Problem
Given a set of distinct integers, return all possible subsets.
Notice
Elements in a subset must be in non-descending order.
The solution set must not contain duplicate subsets.
Have you met this question in a real interview?

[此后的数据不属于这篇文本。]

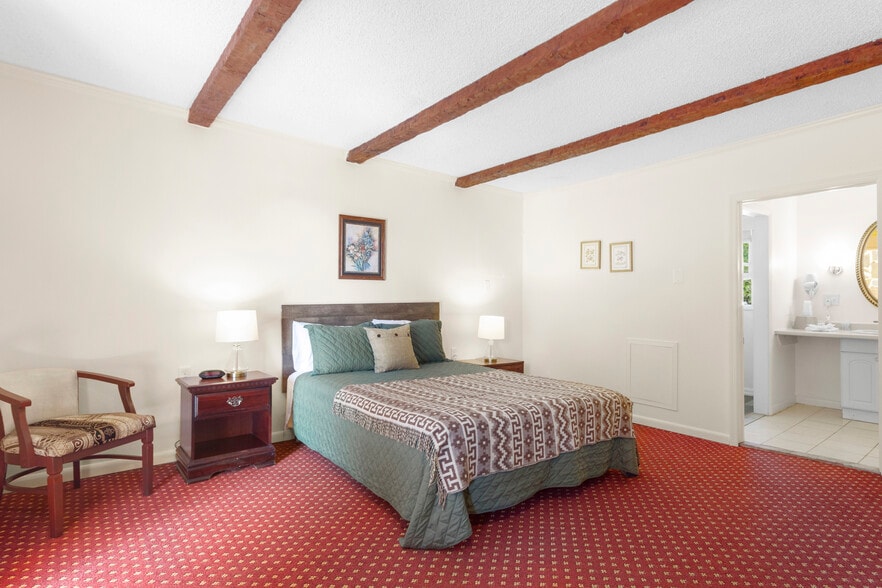 More Photos Of 3093 US Highway 9, Valatie Apartments For Sale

Yes
Example
If S = [1,2,3], a solution is:
[
[3],
[1],
[2],
[1,2,3],
[1,3],
[2,3],
[1,2],
[]
]
思路
- 假设数组: [1, 2, 3]
- 找到整个数组的subsets相当于分别找到以1, 2, 3开头的subset
- 找到1开头的subset, 相当于1已经存在于路径当中, 找到1后面, 即分别以2, 3 开头的subset
- 直到数组遍历完为止
两种写法
public ArrayList<ArrayList<Integer>> subsets(int[] nums) {
ArrayList<ArrayList<Integer>> result = new ArrayList<>();
result.add(new ArrayList<Integer>());
if (nums == null || nums.length == 0) return result;
Arrays.sort(nums);
helper(nums, result, new ArrayList<Integer>(), 0);
return result;
}
private void helper(int[] nums, ArrayList<ArrayList<Integer>> result, ArrayList<Integer> path, int startIndex) {
if (nums.length == startIndex) return;
for (int i = startIndex; i < nums.length; i++) {
path.add(nums[i]);
result.add(new ArrayList<Integer>(path));
helper(nums, result, path, i + 1);
path.remove(path.size() - 1);
}
}
public ArrayList<ArrayList<Integer>> subsets(int[] nums) {
ArrayList<ArrayList<Integer>> result = new ArrayList<>();
if (nums == null || nums.length == 0) {
result.add(new ArrayList<Integer>());
return result;
}
Arrays.sort(nums);
helper(nums, result, new ArrayList<Integer>(), 0);
return result;
}
private void helper(int[] nums, ArrayList<ArrayList<Integer>> result, ArrayList<Integer> path, int startIndex) {
if (nums.length < startIndex) return;
result.add(new ArrayList<Integer>(path));
for (int i = startIndex; i < nums.length; i++) {
path.add(nums[i]);
helper(nums, result, path, i + 1);
path.remove(path.size() - 1);
}
}